__Description of the task__
Transcribe the lines below verbatim, skipping the images.

········

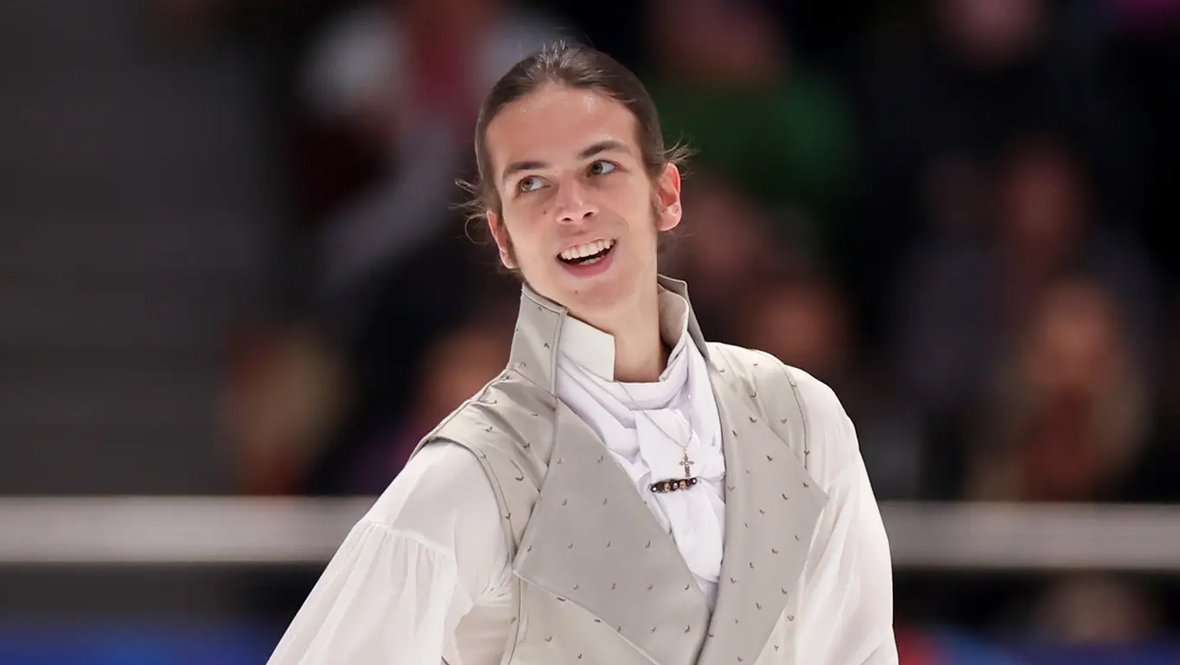 Петр Гуменник.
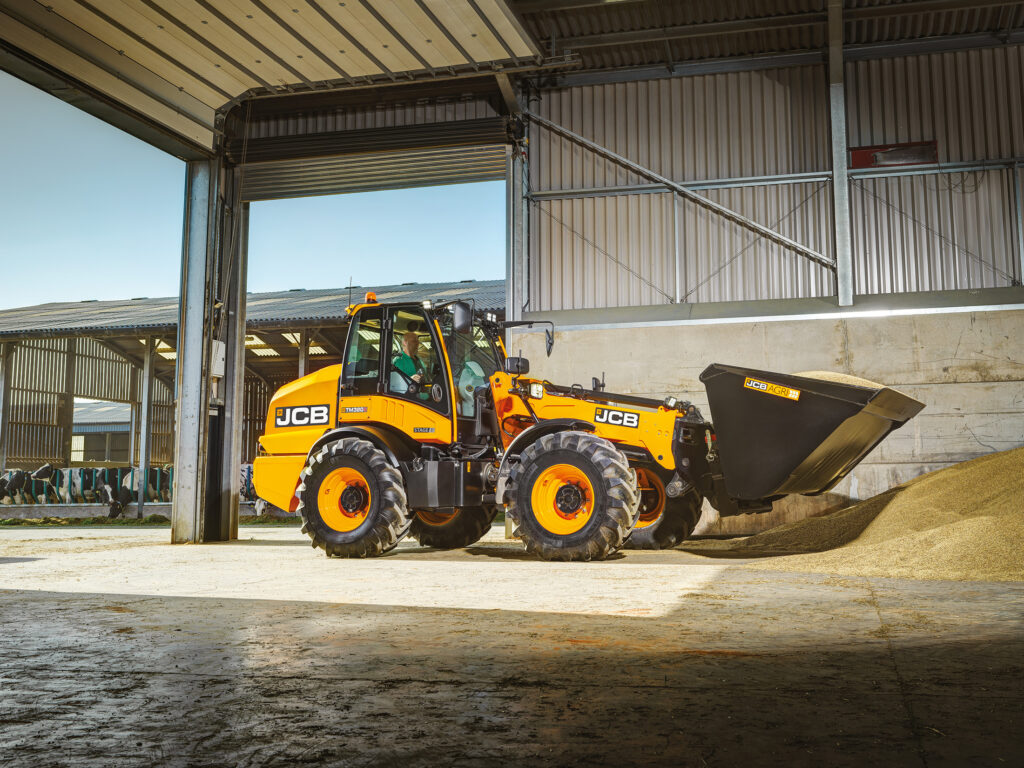 JCB TM320S Agri -kurottava pyöräkuormaaja lastaamassa viljaa.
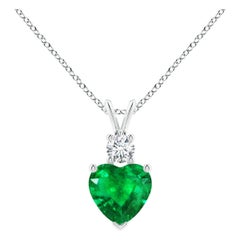 Angara Natürlicher herzförmiger 1,2 ct Smaragd mit Diamant-Anhänger aus Platin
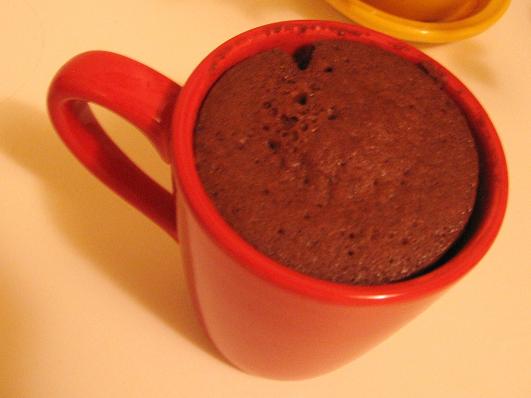 dangerous-chocolate-cake_mug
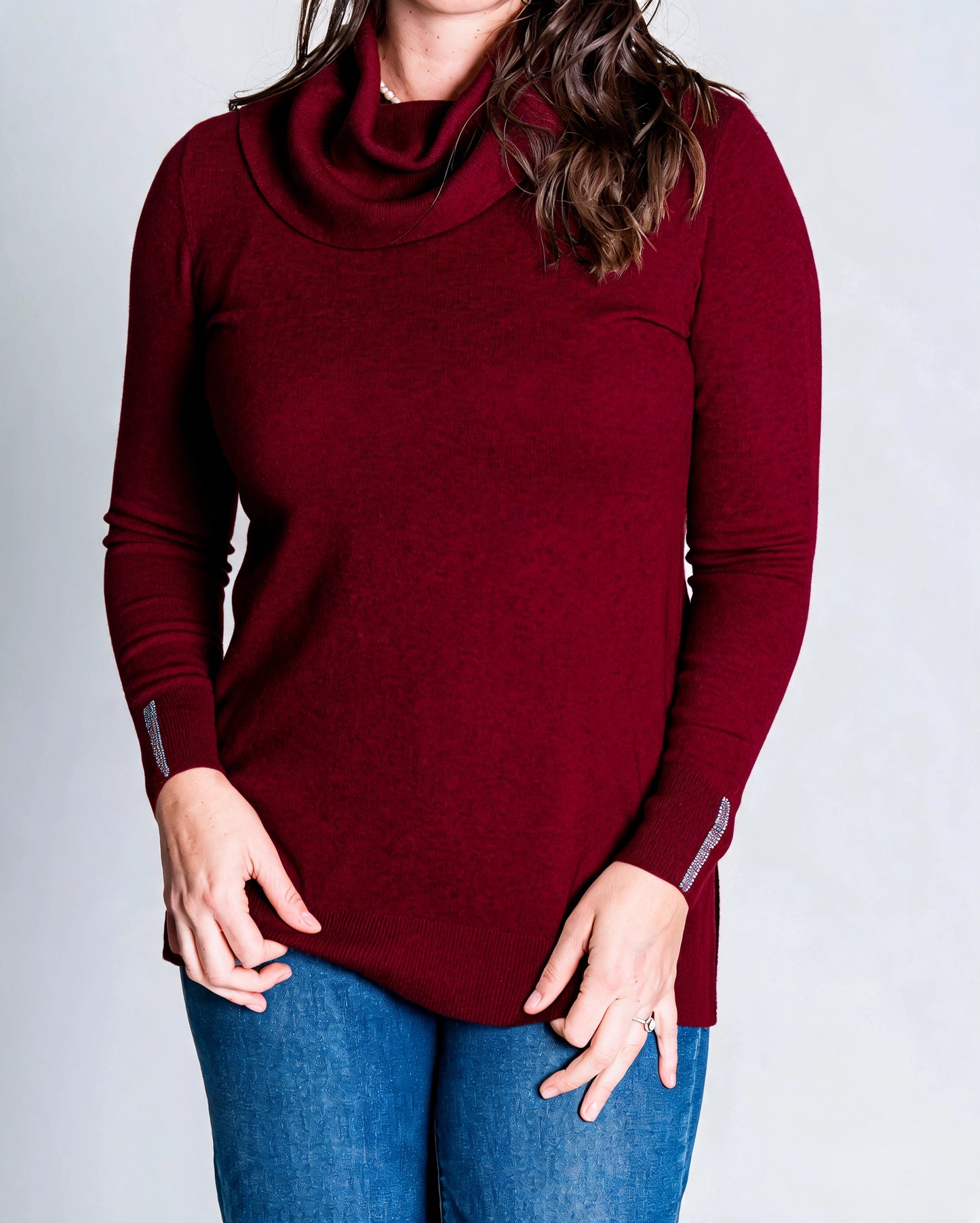 Sweater Cuello Alto Brillitos Burdeo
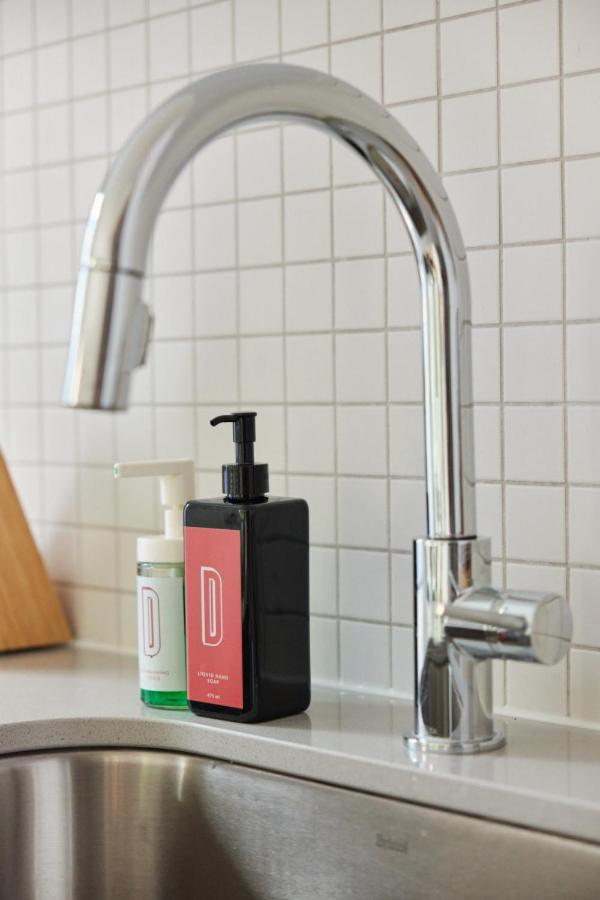 New and Cozy 3 bedroom in Le Plateau by Denstays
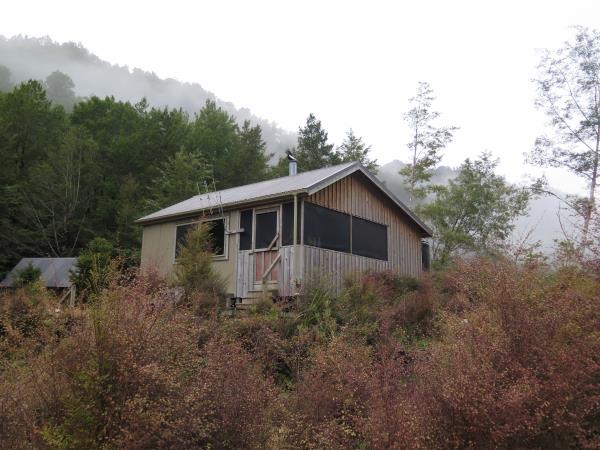 Stern Valley Hut Along The Old Ghost Road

········

__Answer to the problem__
 Петр Гуменник.
 JCB TM320S Agri -kurottava pyöräkuormaaja lastaamassa viljaa.
 Angara Natürlicher herzförmiger 1,2 ct Smaragd mit Diamant-Anhänger aus Platin
 dangerous-chocolate-cake_mug
 Sweater Cuello Alto Brillitos Burdeo
 New and Cozy 3 bedroom in Le Plateau by Denstays
 Stern Valley Hut Along The Old Ghost Road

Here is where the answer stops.